(Exercise prompt): Copy every line that holds the string "para" from the data below.

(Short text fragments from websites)
[Start of Attachment]

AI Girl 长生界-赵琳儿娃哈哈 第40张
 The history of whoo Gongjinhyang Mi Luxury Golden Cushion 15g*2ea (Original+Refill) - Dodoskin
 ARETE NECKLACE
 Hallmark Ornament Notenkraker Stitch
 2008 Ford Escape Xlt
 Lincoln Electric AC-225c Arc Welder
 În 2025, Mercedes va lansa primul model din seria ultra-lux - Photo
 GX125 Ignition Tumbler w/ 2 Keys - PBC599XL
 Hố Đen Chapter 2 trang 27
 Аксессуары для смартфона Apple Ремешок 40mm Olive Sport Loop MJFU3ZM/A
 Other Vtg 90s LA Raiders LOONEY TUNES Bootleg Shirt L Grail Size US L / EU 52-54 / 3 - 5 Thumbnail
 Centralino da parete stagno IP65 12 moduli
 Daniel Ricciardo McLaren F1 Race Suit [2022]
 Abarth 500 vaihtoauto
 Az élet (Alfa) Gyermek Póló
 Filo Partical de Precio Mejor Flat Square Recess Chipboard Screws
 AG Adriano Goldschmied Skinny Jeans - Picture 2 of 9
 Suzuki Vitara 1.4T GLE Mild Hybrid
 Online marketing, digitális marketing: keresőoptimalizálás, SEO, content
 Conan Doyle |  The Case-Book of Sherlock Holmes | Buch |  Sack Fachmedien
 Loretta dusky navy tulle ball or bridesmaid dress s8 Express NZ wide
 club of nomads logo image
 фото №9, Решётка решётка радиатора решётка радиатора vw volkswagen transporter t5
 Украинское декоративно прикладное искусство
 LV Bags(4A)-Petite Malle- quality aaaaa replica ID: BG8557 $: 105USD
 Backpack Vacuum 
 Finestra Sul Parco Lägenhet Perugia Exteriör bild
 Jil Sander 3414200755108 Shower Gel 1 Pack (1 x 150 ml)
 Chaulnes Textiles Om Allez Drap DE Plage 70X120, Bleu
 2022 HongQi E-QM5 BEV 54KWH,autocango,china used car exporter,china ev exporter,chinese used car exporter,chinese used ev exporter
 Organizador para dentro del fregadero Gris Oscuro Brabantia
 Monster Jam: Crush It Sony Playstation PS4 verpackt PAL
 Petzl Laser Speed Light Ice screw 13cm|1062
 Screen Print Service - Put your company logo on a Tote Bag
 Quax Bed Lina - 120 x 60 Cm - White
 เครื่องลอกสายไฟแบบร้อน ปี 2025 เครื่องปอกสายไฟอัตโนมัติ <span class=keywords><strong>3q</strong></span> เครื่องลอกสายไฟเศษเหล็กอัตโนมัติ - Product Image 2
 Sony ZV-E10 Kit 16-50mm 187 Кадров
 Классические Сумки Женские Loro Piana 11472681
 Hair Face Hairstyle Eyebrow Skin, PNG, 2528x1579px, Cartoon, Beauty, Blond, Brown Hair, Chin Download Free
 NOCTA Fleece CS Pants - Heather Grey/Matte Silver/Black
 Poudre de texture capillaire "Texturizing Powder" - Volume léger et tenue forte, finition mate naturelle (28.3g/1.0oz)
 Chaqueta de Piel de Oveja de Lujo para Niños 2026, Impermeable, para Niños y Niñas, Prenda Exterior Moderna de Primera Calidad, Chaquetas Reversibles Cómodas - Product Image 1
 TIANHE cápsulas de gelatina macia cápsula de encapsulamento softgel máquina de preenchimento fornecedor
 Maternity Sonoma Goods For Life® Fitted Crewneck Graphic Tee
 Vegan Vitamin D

[End of Attachment]

(Task solution):
 Organizador para dentro del fregadero Gris Oscuro Brabantia
 Chaqueta de Piel de Oveja de Lujo para Niños 2026, Impermeable, para Niños y Niñas, Prenda Exterior Moderna de Primera Calidad, Chaquetas Reversibles Cómodas - Product Image 1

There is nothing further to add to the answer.